McDonnell Douglas Corp., responding to Navy Secretary John F. Lehman's threat to cancel its $40 billion F18 fighter project if the price of the plane does not come down, said yesterday that "the costs have been decreasing and are expected to continue decreasing."

However, in its two-page response statement, the company did not commit itself to pegging the F18 at a price of $22.5 million or less for fiscal 1984. Lehman has said the Navy will pay no more than $22.5 million for the plane, and has suggested more F14 fighters and A6 light bombers as an alternative. Both are made by Grumman Aerospace Corp.

McDonnell Douglas, in claiming its F18 is "far less expensive than the F14," cited fiscal 1983 flyaway prices of $25.1 million for the F18 and $38 million for the F14. Lehman, in his comparison, is using fiscal 1981 flyaway prices, which show a much smaller difference.

McDonnell Douglas, which teamed with the Northrop Corp. to build the F18, added that the plane, designed to be both a fighter and a light bomber, "is comparable in cost with the slower, less maneuverable, less survivable A6." It cited a price of $24.6 million in fiscal 1983 for the A6.

Airplane costs are heavily dependent on how many are ordered. The unit price comes down when big orders allow volume production. Lehman has said the prices of the F14 and the A6 would come down if they were bought in large quantities. But critics of that course warn that both planes need new engines, which would drive up the price.

McDonnell Douglas said buying F14s and A6s instead of F18s "would give the Navy reduced fighter and bomber capabilities while increasing total costs."

The F18 in its dual fighter and attack roles "has proved itself to be superior to the F14" and is "the most dependable and easily maintained, high-capability combat aircraft ever produced," McDonnell Douglas said.

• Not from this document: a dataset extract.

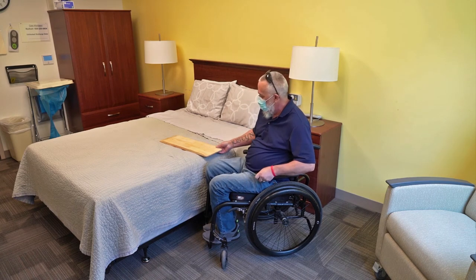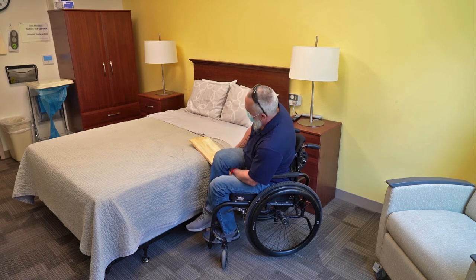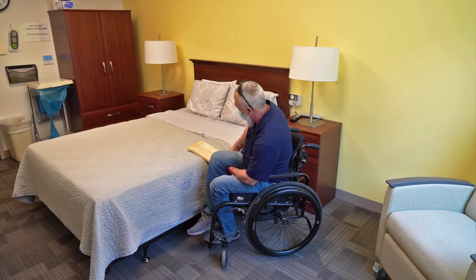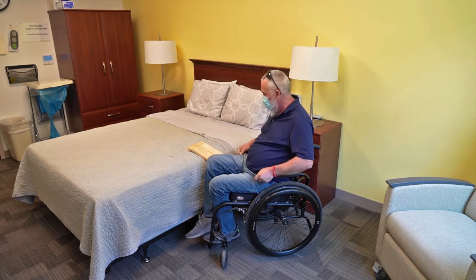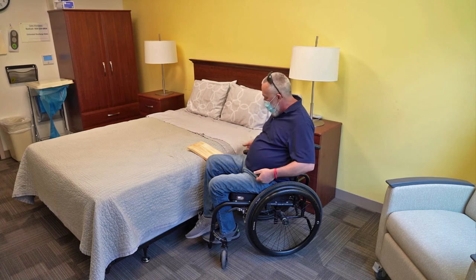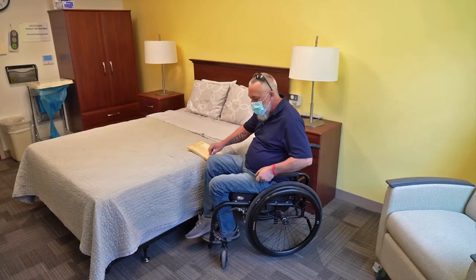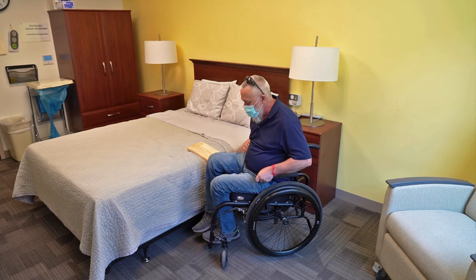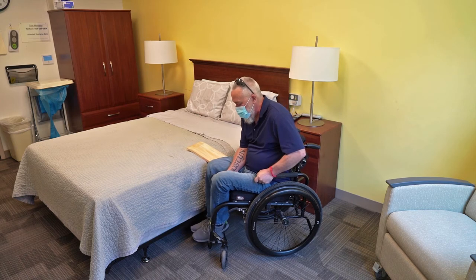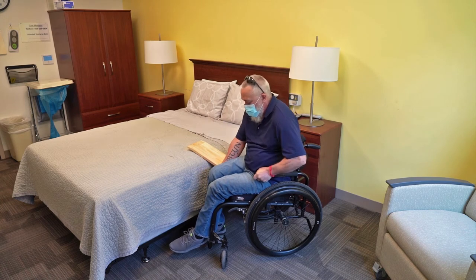So I'm going to take my board and lift up my right leg — the one closest to the bed or whatever you're transferring to. Now I use handles on my wheelchair; a lot of people don't, some don't like them, but I prefer them. They do inhibit the slide though, so I'm going to move this one out of the way. Another important thing is foot position — when you're sliding, if your feet aren't in the right position they'll tangle up, and that will cause a problem with the slide.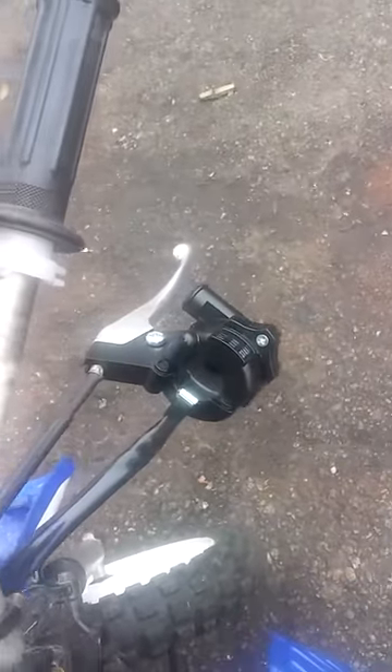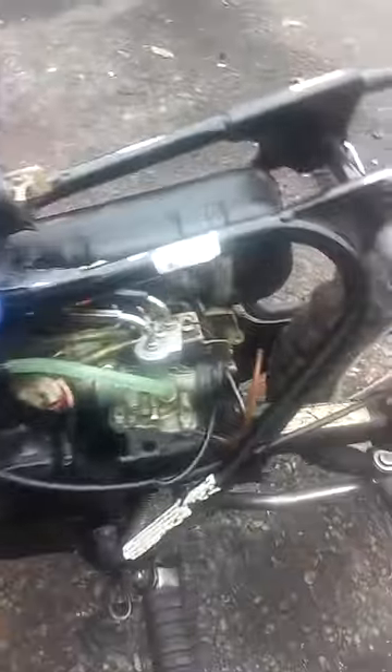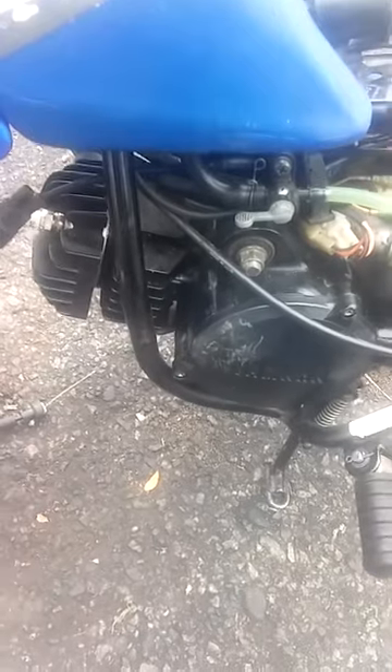But anyway, I gotta finish putting the throttle back together. He gave me a new throttle assembly — his switch was broke. She's just gotta finish putting everything back together. A little pain in the butt, but she runs. Starts on one kick, runs good. Gotta fix an exhaust leak on the gasket, on the pipe to head. But other than that, we should be good to go.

The company noted that Australia, Canada and Spain chose the F18 after "long and careful examination of the alternatives," and said it "is making an unusually small profit" on the F18.

In another reaction to Lehman's threat to cancel the F18, Rep. Robert A. Young (D-Mo.) of St. Louis, where McDonnell Douglas is headquartered, called for "a thorough and complete review" of how the Pentagon is spending its money.